A major tool utilized by safety researchers is full-scale laboratory crash testing. The results of these tests on baseline vehicles, and vehicles equipped with safety countermeasures, are often utilized to predict the real-world safety performance of the baseline vehicles, as well as the expected performance of modified vehicles equipped with the countermeasures.
This paper analyzes one particular crash configuration, left side impacts, to determine if a relationship exists between laboratory crash test results and real-world accident injuries. This configuration is chosen because 1) the necessary tools exist—a test barrier which represents a motor vehicle in terms of weight and stiffness; and a dummy which responds in a human-like manner and whose responses can be related to injury, and 2) accident data exist which are consistent with the laboratory crash environment in terms of crash direction and velocity change (delta-V). The NHTSA National Crash Severity Study (NCSS) and the National Accident Sampling System (NASS) provided the accident data for this study. The laboratory crash test data were obtained from the NHTSA Offrce of Vehicle Research.
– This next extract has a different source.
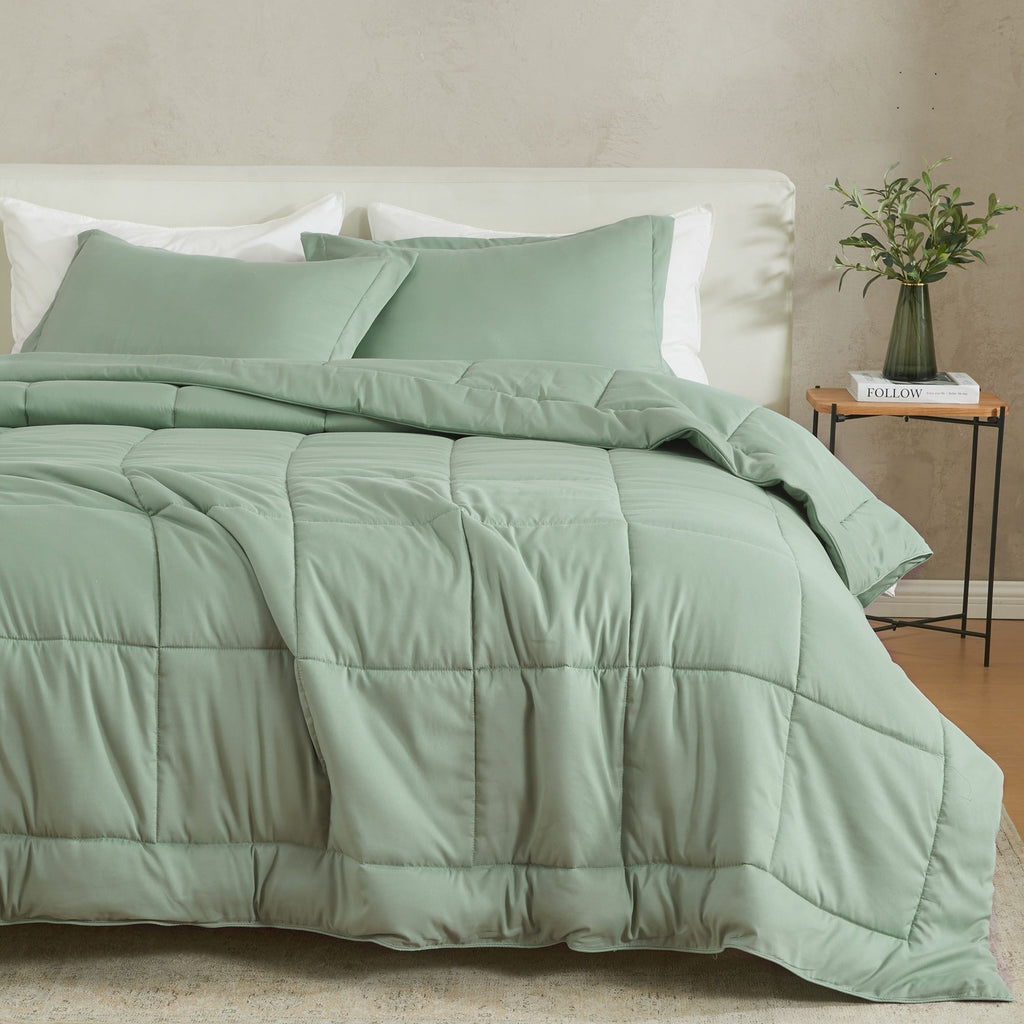 Parure de couette réversible toutes saisons en duvet synthétique Linery &amp; Co.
On the basis of this analysis, it is concluded that in specific crash environments, the relationship between dummy predicted chest injury and real-world driver chest injury is good. In the case of head injury, the relationship between laboratory tests and real-world accidents was not satisfactory.
Full-scale laboratory crash tests should be continued to assess the crashworthiness of motor vehicles. The results of one crash test or one accident, however, should not be the basis for specifying a vehicle's crashworthiness. Additional research is required in biomechanics, accident analysis techniques and laboratory crash simulation to enhance the ability of predicting real-world performance based upon laboratory tests.